I managed to meet up with Kelly Kingston recently, founder of Share The Stoke Foundation, at the downtown Lake Worth Starbucks. She had just returned from Costa Rica, another successful global hop as part of her mission to elevate the lives of children in need through the sport of surfing.
While I claimed the last empty table in the busy coffee shop to chat with her, Kelly was jostling for a place on the crowded, community bulletin board to post her latest flyer. As I observed from a distance, Kelly’s back to me, her body language reflected both confidence and the ability to acquiesce in light of the situation. I’m not accustomed to the rules of the community board and might have been inclined to reposition or simply eliminate outdated flyers to make space for mine; but Kelly seemed to take it all in stride and accept the last little sliver of space, leaving the majority of her latest initiative outside of the box. I admit, that last line was a premeditated metaphor, an attempt to demonstrate that great concepts must coexist within, yet evolve beyond the standard logistics of our imperfect world.

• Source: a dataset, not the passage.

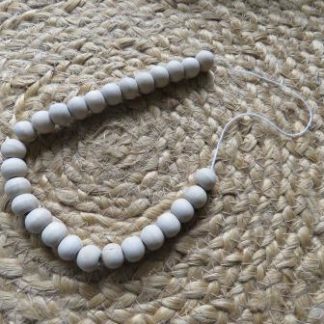 HB02-19:BEAD STRING NATURAL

The inception of the Share The Stoke Foundation began with thinking outside of the box and has since adapted and grown into something much larger and more profound than just giving away surfboards.
Joe Pregadio: How long have you been surfing?
Kelly Kingston: I started out body surfing in Hawaii ten years ago and progressed to riding surfboards when I moved to Florida, which was 8 years ago.
Tell me, what does it means to be a South Florida surfer?
It’s devastating. You can quote me on that. It’s really tough because we are starved for waves. So when there are waves, we throw everything to the side and go surf. Sometimes, we get lucky and there’s a week straight of waves and our whole life and everything other than surfing falls to the wayside so when the waves stop we are super busy catching up.
When did it click you were onto something bigger than just giving away a surfboard?
I think it was when we gave away our first couple of boards, around Christmas time of 2007. We gave out about four surfboards that year and one board we gave to a kid on Christmas day, that first year. That kid came to our house and he was crying and he was so stoked. I knew at that moment we had changed his life, based on how he was reacting to it. We did something for his family that they couldn’t do for him. We felt we changed his life.
How did you come up with “Share the Stoke”?
I came up with the name, Share the Stoke Foundation…actually, I was just throwing around some ideas, just trying to figure out what made the most sense. And when I thought about what we were actually doing, I realized that we were sharing the stoke. And I thought, that’s cool…and that was it.
In your own words, what does it mean to be stoked?
To be stoked to me means to be so excited, so pumped on life… just oozing love for life.
Who has been you biggest supporter over these years?
Firewire took a chance on us and donated us a bunch of boards. In those years, they stepped up those contributions each year, more and more. Just watching them, how giving they are, has been amazing for us because it’s really them that has kept us going by giving surfboards….they’ve been inspiring.
What is your biggest challenge?
Our biggest challenge is funding. We do fundraisers all the time. We have a couple of supporters that have stayed with us over the years, but we haven’t landed that big or small corporate sponsor we can count on for financial donations.
The word “share” and “surfers” are not synonymous. In the water, the ideal situation is “my wave.” What makes you think surfers can be good sharers?
If you look at all the surfing non-profits out there – and there’s actually a bunch – they are all run by surfers. I think there’s a change that’s happening where surfers are so environmentally conscious about our planet that they want to make a difference, and so there’s a growing consensus where it’s all about sharing. There’s always going to be surfers out there that are takers. That’s just life. I think it’s moving closer to the side of sharing though.
Your mission has arched over the years from personally giving to teaching others how to give. Can you explain how this and surfing are related?
Well, you know, surfing offers up so many cool things, and so do a lot of other sports, but for surfing in particular we’ve been talking about four related key principles: responsibility, discipline, community and leadership. If you think about surfers and getting good at surfing, you can’t really go out and party all night. You eat right, you go to bed early. You exercise. You wake up at the crack of dawn and go and practice your sport and hone your skills and get good. When we talk about leadership, a lot of kids volunteering for our organization are surfers and they are really excited to give back and make other kids’ lives better. In regard to responsibility, we are out in the world and out in the ocean and we want to protect it like keeping our beaches clean…to keep our oceans clean. And with community, it’s not just the kids we have, but all the parents come down when we have big community barbecues. You know, this sport can bring people together to create something that’s magical for everyone.
What is your reward?…What are you getting out of this?
What I get out of this is…just knowing that I’m giving back something positive that brings me so much love.